Após a independência, Oleksiy Vadatursky fundou a Nebulon, uma empresa agrária dedicada à plantação de trigo. Apesar as dificuldades iniciais numa altura em que a Ucrânia — enquanto Estado soberano — se reorganizava, o empresário conseguiu ter sucesso no meio, conta a Al Jazeera, sendo um dos principais contribuidores para a Ucrânia se ter transformado num dos principais exportadores de trigo.
No mundo empresarial, um dos maiores trunfos de Oleksiy Vadatursky passava pelo controlo que detinha nos portos fluviais, que já vinha desde os tempos soviéticos. Os críticos apontavam que o empresário fazia de tudo para manter o monopólio da gestão fluvial na Ucrânia — e não se inibia de estender a sua influência à esfera política. Não é de estranhar que o seu filho, Andryi Vadatursky, estivesse no Parlamento ou que, nos últimos meses, tivesse tentando manipular a seu favor o partido de centro-direita da ex-primeira-ministra ucraniana, Yulia Timoshenko.
Ainda assim, contrariamente a vários magnatas, Oleksiy Vadatursky era visto com bons olhos pela maioria dos ucranianos. “Ele trabalhou. Ele não explorou a herança industrial soviética. Ele construiu o seu império no campo”, recorda à Al Jazeera Vadim Karasev, analista político ucraniano, caracterizando-o como alguém que “criou o milagre ucraniano da exportação de grãos”.
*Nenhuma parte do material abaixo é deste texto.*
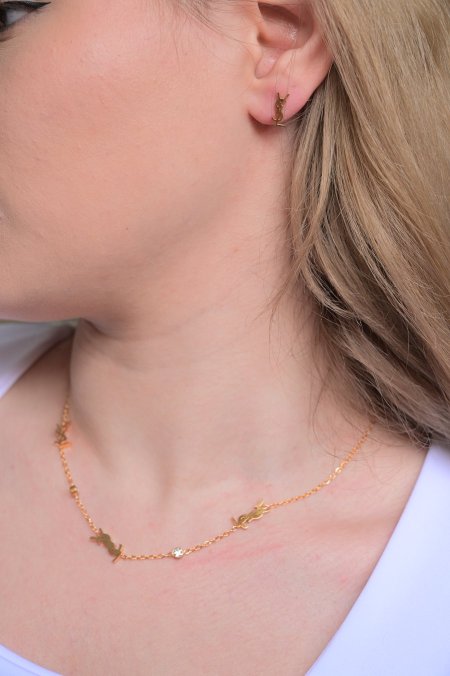 طقم حلق مع سنسال YSL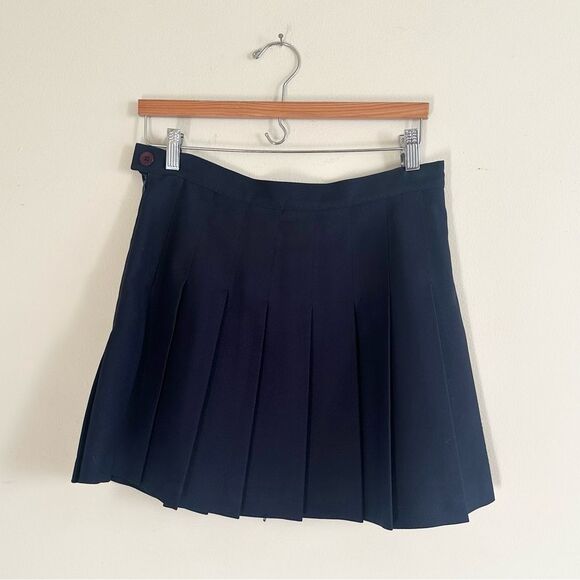 American Apparel Navy Pleated Tennis Skater Mini Skirt L - Picture 8 of 10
A popularidade de Oleksiy Vadatursky devia-se também ao facto de ser patriota. Financiou o exército desde o início da guerra no leste ucraniano e na Crimeia e, em 2018, entrou na lista negra da Rússia. Após a invasão, o magnata decidiu permanecer na Ucrânia, numa atitude que destoou da maioria dos oligarcas ucranianos, que fugiram para o estrangeiro.
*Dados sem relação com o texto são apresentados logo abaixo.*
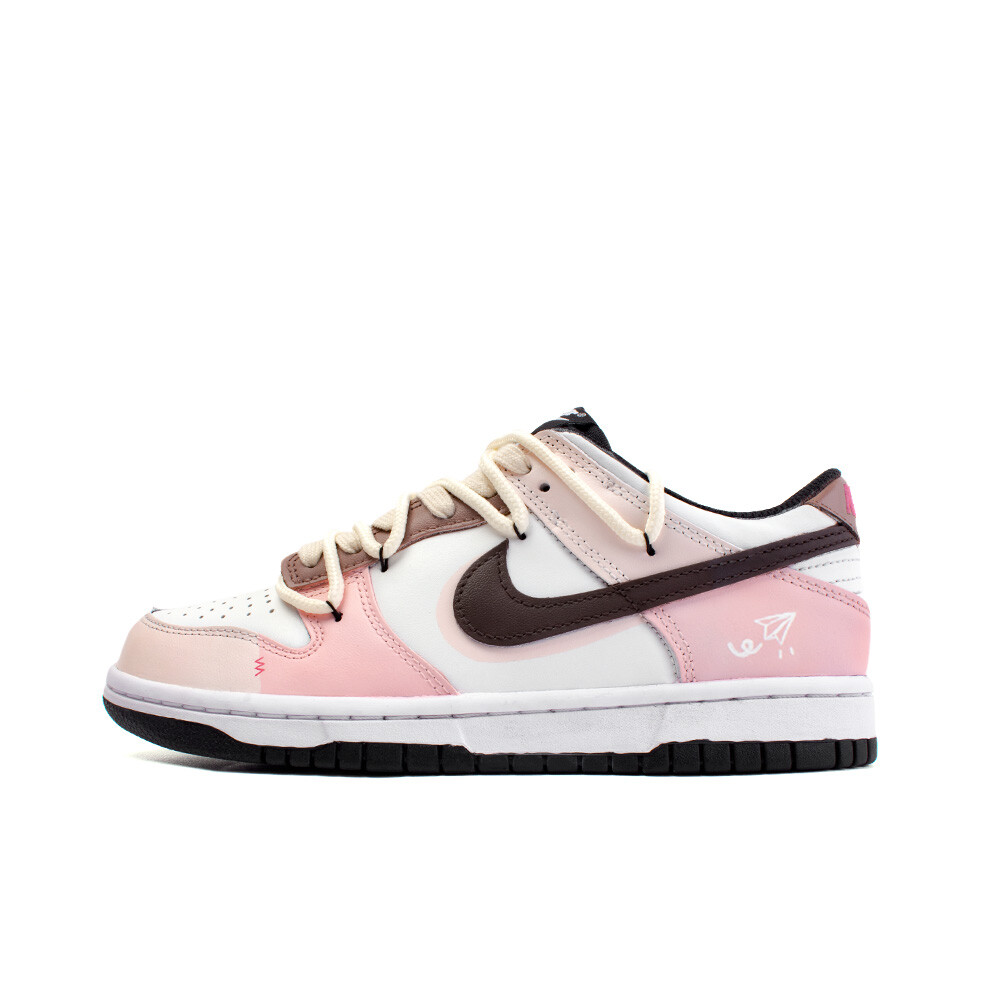 

Кроссовки Nike Dunk Skateboarding Shoes Women's Low-top Black, розовый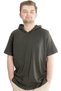 Fashion XL Large Size Men's T-Shirt Hooded Short Sleeve 23118 Khaki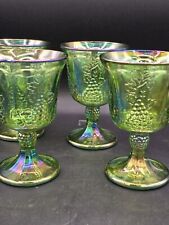 Vintage Indiana Carnival Glass Iridescent Green Harvest Grape 4 Goblet Wine EUC  picture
Oleksiy Vadatursky ficou na Ucrânia, mas soube que corria risco de vida. Vivia em Mykolaiv, perto da frente de guerra, e o Kremlin não gostava particularmente dele. Contudo, de acordo com o Corriere dela Sera que cita fontes ucranianas, a Rússia chegou a propor, logo após a invasão, que o magnata se convertesse num colaborador oculto do regime russo.
A Rússia queria aproveitar a influência no mundo rural e empresarial de Oleksiy Vadatursky, conseguindo assim tomar a região do sul da Ucrânia mais rapidamente — cortando também o acesso aos portos fluviais a Kiev. Em troca, Moscovo prometia proteger o património do magnata, assim como benefícios na indústria agrícola e naval no país após a conquista da região.
As propostas russas foram em vão, sendo que Oleksiy Vadatursky nunca as terá aceitado. O magnata acabou por morrer no passado sábado após um ataque preciso das forças russas, que terá sido direcionado ao seu quarto, o que motivou que surgissem vários rumores de que a sua morte foi um ato de vingança do Kremlin. Por exemplo, nas redes sociais, o conselheiro do Presidente ucraniano, Mykhailo Podolyak, denunciou que a casa do empresário foi claramente um “alvo”.
O negócio e o monopólio dos portos fluviais ficam agora nas mãos do filho, Andrii Vadaturskyi, e dos três netos.